Aufführungsdauer: ca. 2h 40' (eine Pause)

Premiere am 10. Mai 2026 in der Oper Frankfurt
(rezensierte Aufführung: 15. Mai 2026)

Homepage

Oper Frankfurt
(Homepage)
Eine sachlich-poetische Tragödie von antiker Wucht

Von Stefan Schmöe / Fotos von Xiomara Bender

Es geht kein silberner Mond auf am Himmel über Peking. Wenn überhaupt, dann ist es ein schwarzer Mond, eine düstere Scheibe "Es klingen zwei Violinen, den Wald ausdrückend": So steht es als Regieanweisung im Manuskript von Frederico García Lorcas Schauspiel Bluthochzeit.

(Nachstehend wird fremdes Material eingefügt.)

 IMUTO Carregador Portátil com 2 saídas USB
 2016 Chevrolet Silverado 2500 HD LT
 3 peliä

Wolfgang Fortner (1907 - 1987) benannte diese Zeile als Ausgangspunkt seiner Komposition. Wobei die hochpoetische Sprache des 1936 in den ersten Wochen des spanischen Bürgerkriegs ermordeten Dichters ohnehin von einer ganz eigenen Musikalität ist, die das an sich gänzlich unpoetische Sujet von einer düsteren Blutrache-Geschichte aus dem andalusischen Bauernleben zur großen Tragödie erhebt. Lorcas Stück wurde schon bei der Madrider Uraufführung 1933 als "Oper ohne Musik" bezeichnet. Die Handlung: Der namenlos bleibende Bräutigam, dessen Vater und Bruder Jahre zuvor von der verfeindeten Familie Félix ermordet wurden, will ein Mädchen heiraten, das einige Jahre zuvor mit Leonardo, dem Sohn eben jener Familie Félix, verlobt war. Während des Hochzeitsfestes flüchten die Braut und der inzwischen verheiratete Leonardo. Der Bräutigam eilt ihnen nach, und im nächtlichen Wald kommt es zum Kampf, bei dem sich die Rivalen gegenseitig umbringen. Das Stück endet mit einer großen Klage der Mutter des Bräutigams.

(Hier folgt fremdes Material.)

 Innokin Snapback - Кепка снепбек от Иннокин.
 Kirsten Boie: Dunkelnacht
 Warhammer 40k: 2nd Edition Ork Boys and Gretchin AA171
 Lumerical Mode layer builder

Vergrößerung in neuem Fenster

Die Geister der Vergangenheit werden die Mutter und ihr Sohn, der Bräutigam, nicht los. Der Vater und der ältere Sohn wurden von einer verfeindeten Familie ermordet und spuken nun im Hintergrund als steinerne Gäste herum.

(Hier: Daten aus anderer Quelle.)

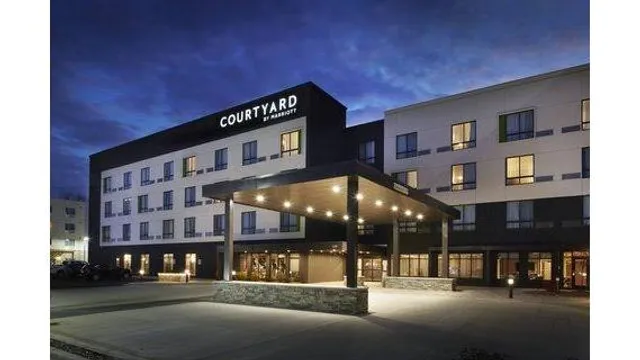 Courtyard by Marriott Jackson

Der nächtliche Wald bildet als Gegensatz zur harten Realität des Dorfes das Zentrum des Werkes. In diesem Wald treten Mond und der Tod (in Gestalt einer Bettlerin) als mythische Figuren auf. Die zwei Violinen, die Lorca ganz unrealistisch fordert, stehen für diese andere, geheimnisvolle, nicht reglementierbare Welt. "Lorca verlangt vom Musiker, die geistige Wirklichkeit "Wald" zu komponieren", schrieb Fortner über diese Schlüsselszene. Ausgangspunkt war ursprünglich eine Schauspielmusik für das Hamburger Theater gewesen, dann folgte die zunächst isolierte Komposition der Wald-Szene, schließlich die komplette, 1957 in Köln uraufgeführte Oper, für die Fortner die seinerzeit einzige deutsche Übersetzung des Schauspiels von Enrique Beck zum Libretto kürzte. Wobei "Oper" keine ganz korrekte Bezeichnung ist, denn viele Passagen lässt Fortner unverändert wie im Schauspiel sprechen. Der Bräutigam (eine Spur zu brav: Schauspieler Christian Clauß) und der Brautvater (mit unerschütterlicher Contenance: Dietrich Volle, als Bariton ehemaliges Ensemblemitglied der Frankfurter Oper) etwa singen keine einzige Phrase. Gesprochene Passagen gehen nahtlos in gesungene über, wobei es Fortner dies mit verblüffender Selbstverständlichkeit gelingt, als dürfe es gar nicht anders sein. Dabei bleibt die zwölftönige Musik kammermusikalisch klar und besticht durch eine Strenge, die der Geschichte eine überzeitliche Bedeutung verleiht.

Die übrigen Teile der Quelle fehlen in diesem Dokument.